When it comes to fibre demolition, the anaerobic fungi present in the horse hindgut are of particular importance. These are the fungi that are adapted to grow in the absence of any oxygen.

However, we’re only just beginning to appreciate the importance and diversity of anaerobic fungi, since they are very strange beasts, and difficult to grow in the laboratory, with only a handful able to be studied up close in the laboratory to date.

But a recent study by Paul et al. (2018) using new molecular laboratory techniques suggested that there are nearly 300 species of anaerobic gut fungi in herbivores that we know hardly anything about, and these fungi are likely to be an even richer source of diverse, fibre-demolishing enzymes than what we are already aware of.

Once the dismantling of fibre into their different chemical units has been done by the fungi in the horse hindgut, it’s time for other microorganisms, including the bacteria, to join the fungi and start to work on the simpler chemical units liberated from the fibres.

And here, finally, a wide diversity of simpler units, produced by a wide diversity of fungi acting on a wide diversity of fibres, provides opportunity for a wider diversity of microorganisms to get to work on the final stage of fibre demolition, producing a diversity of short-chain fatty acids such as acetate, buyrate and propionate, from which horses derive so much of their energy.

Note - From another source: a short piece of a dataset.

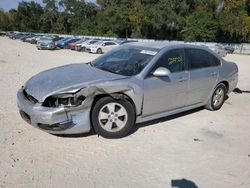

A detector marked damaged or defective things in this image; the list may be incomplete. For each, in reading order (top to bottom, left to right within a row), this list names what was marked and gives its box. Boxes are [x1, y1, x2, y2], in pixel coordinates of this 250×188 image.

crushed hood [24, 63, 124, 102]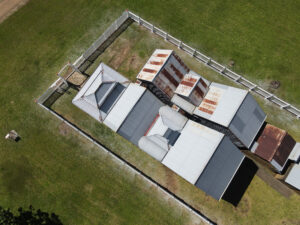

And everyone’s happy!

So, there we have it…how diverse fibre and diverse fungi come together to promote gut diversity for your horse…all the way down!

 

 

References:

Edwards, JE (2019) Equine anaerobic fungi: key taxa of central importance to dietary fibre degradation. Small Things: European Equine Health & Nutrition Congress, 9th Edition, Utrect, The Netherlands, 2019.

Paul SS, Bu D, Xu J, et al. (2018) A phylogenetic census of global diversity of gut anaerobic fungi and a new taxonomic framework. Fungal Diversity. 89:253-266.